Plötzlich bahnte sich ein Wort den Weg durch das Gedankendickicht in seinem Kopf. Ein Begriff, der ihm schon viel früher hätte einfallen können. Es war wie eine unterschwellige Ahnung, die jetzt nach oben in die Freiheit wollte.
Davídsson dachte an Zeugenschutz.
Er wusste, dass die Abteilung, die sich darum kümmerte, dass Zeugen nach ihrer Aussage vor Gericht weiterleben konnten, eine ganze Person neu erfinden musste.
Die Zentralen kriminalpolizeilichen Dienste konnten legal ein Leben auslöschen und ein anderes erschaffen.
Es waren nicht viele, die in den Genuss eines neuen Daseins kamen. Das Bundeskriminalamt kümmerte sich nur um die bedeutendsten Fälle, und das waren nicht mehr als fünfzig im Jahr. Es war aufwendig, diesen Menschen eine neue Identität zu geben, sie mit einem neuen Personalausweis, einem anderen Beruf und einer anderen Vergangenheit auszustatten.
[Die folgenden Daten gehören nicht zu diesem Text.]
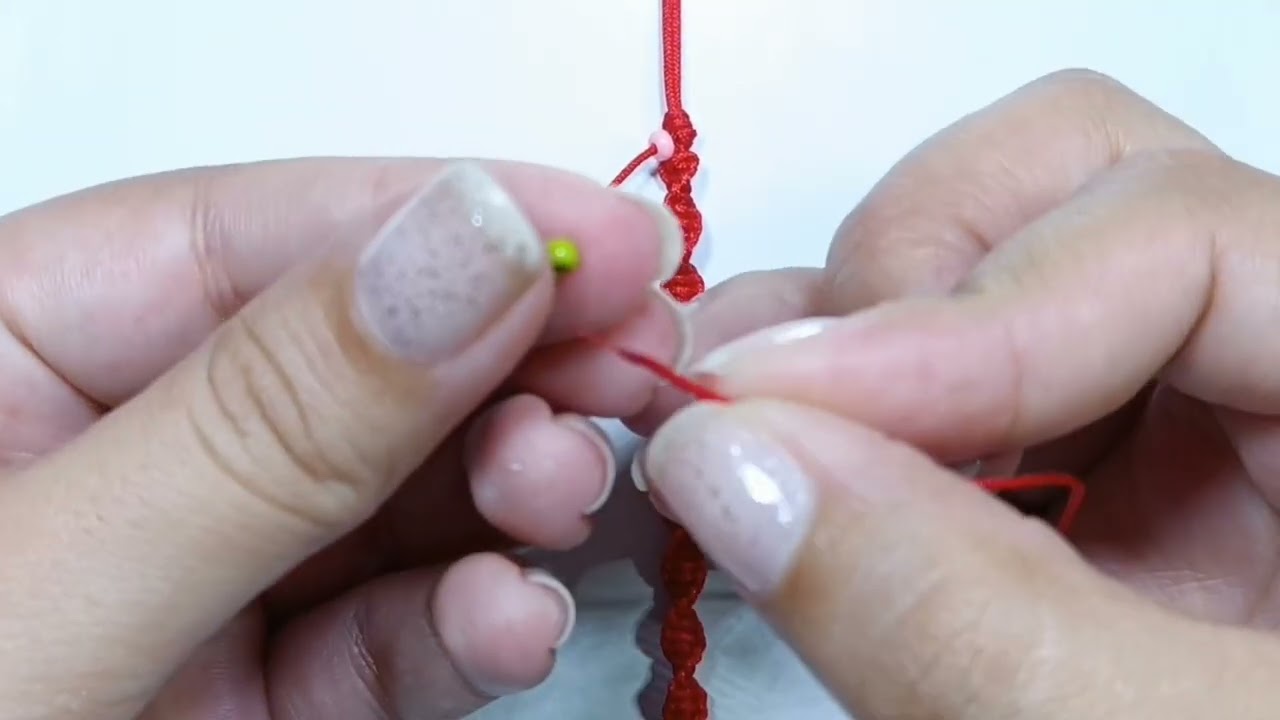 Como hacer una pulsera de nudo entorchado con mostacillas estilo enredaderas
Aus einer Legende wird ein Mensch, dachte er jetzt.
Das größte Opfer brachten die Zeugen. Sie mussten den Kontakt zu ihrer Familie abbrechen und zu allen, die sie einmal kennengelernt hatten – Bekannte, Freunde und heimliche Affären. Sie verloren ihre Heimat und den Arbeitsplatz und gingen dabei trotzdem noch ein hohes Risiko ein.
Davídsson wusste, dass das den meisten nicht bewusst war, wenn sie sich dazu entschlossen, gegen das organisierte Verbrechen auszusagen.
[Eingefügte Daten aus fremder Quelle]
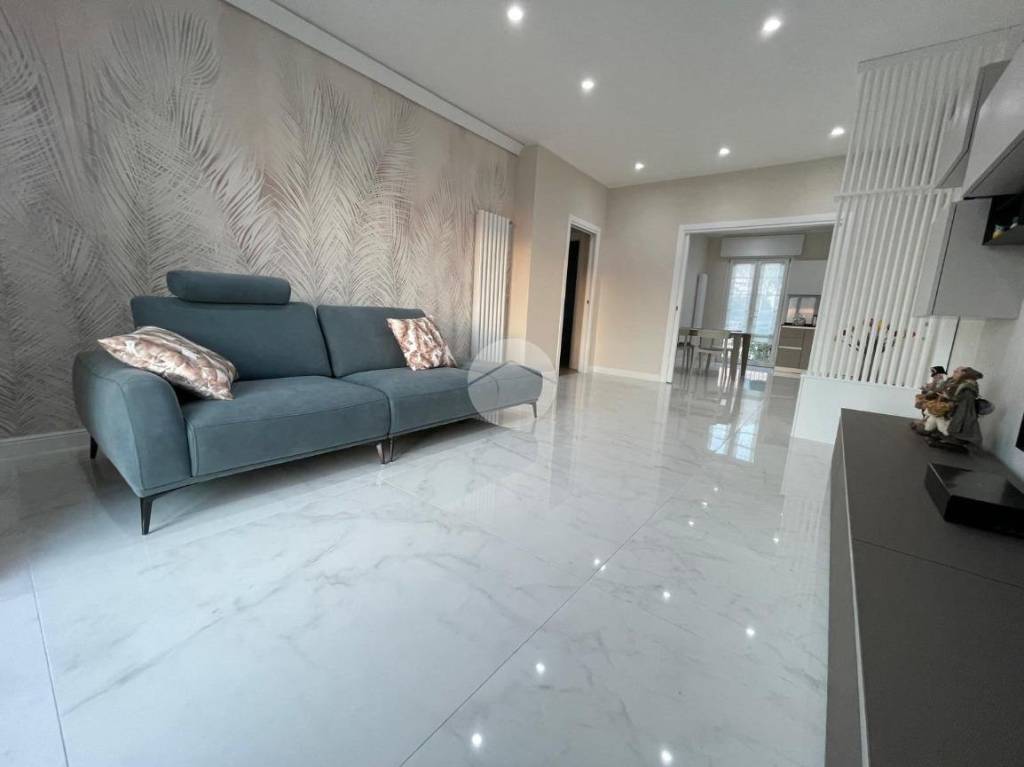 immagine annuncio 2 di 12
Er hatte sich in der Vergangenheit ein paarmal mit einem Kollegen zum Mittagessen verabredet, der solche Menschen psychologisch betreute, nachdem sie sich aus ihrem gewohnten Umfeld verabschiedet hatten.
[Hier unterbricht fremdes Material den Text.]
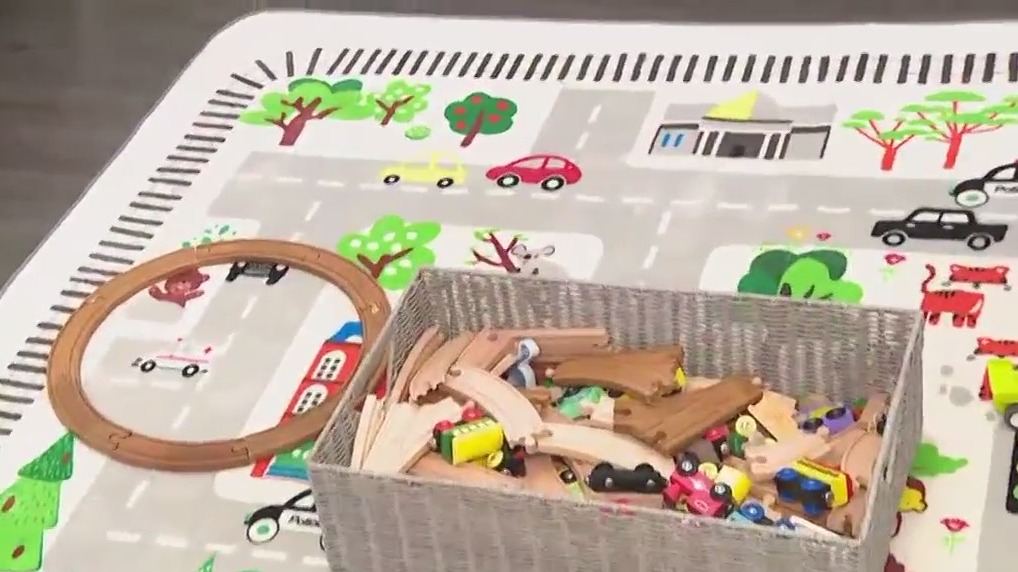 Play spaces can offer way for young kids have fun, mingle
Die meisten von ihnen hatten bereits Einschüchterungen und Morddrohungen hinter sich gebracht und überlebt. Vom Killerkommando, das den ›Verrat‹ mit einem Messer oder einem Strick rächen sollte und damit die Erinnerung an den Verräter auslöschen wollte, als wäre er nie in diese Welt getreten.
Joseph Wagner war zur selben Zeit wie Davídsson in Amerika gewesen. Wagner hatte in Georgia das Witness Security Basic Seminar absolviert. In drei Wochen hatte er gelernt, wie man Menschen das Leben rettete. Seither arbeitete er räumlich und organisatorisch getrennt von jenen Ermittlern, die Beweise zusammentrugen.
Die Abteilung hatte von jeher etwas Mysteriöses – auch für die Beamten des Bundeskriminalamts.
Wagner hatte ihm erzählt, dass sie, wenn alles gut ging, zwei Wochen Zeit benötigten, um ein neues Leben zu schaffen, und dass er und seine Kollegen auch schon mal getarnt als Möbelpacker bei einem Umzug in eine andere Stadt halfen oder neue Autos für den Zeugen kaufen mussten.
Am schlimmsten ist es für die Kleinen, hatte er Davídsson erzählt. Die werden aus ihrem Umfeld gerissen, ohne diese Entscheidung selbst zu treffen. Völlig fremdbestimmt von der Mafia. Mit den Kindern müssen wir oft tagelang üben, was sie sagen dürfen und was nicht. Wir kümmern uns um neue Telefonanschlüsse, lassen Fangschaltungen legen und organisieren Anruf-Weiterleitungen in andere Städte, ohne dass es große Mühe macht. Aber den Kindern zu sagen, dass sie nun nicht mehr Tim oder Linus sondern Marco und Dominik heißen, ist das Schwierigste an meinem Job, hatte er Davídsson erklärt.
Davídsson hatte ihm angesehen, wie sehr ihn seine Arbeit belastete. Er wusste, dass er selbst zwei Jungen hatte, die so etwas nie am eigenen Leib erleben sollten.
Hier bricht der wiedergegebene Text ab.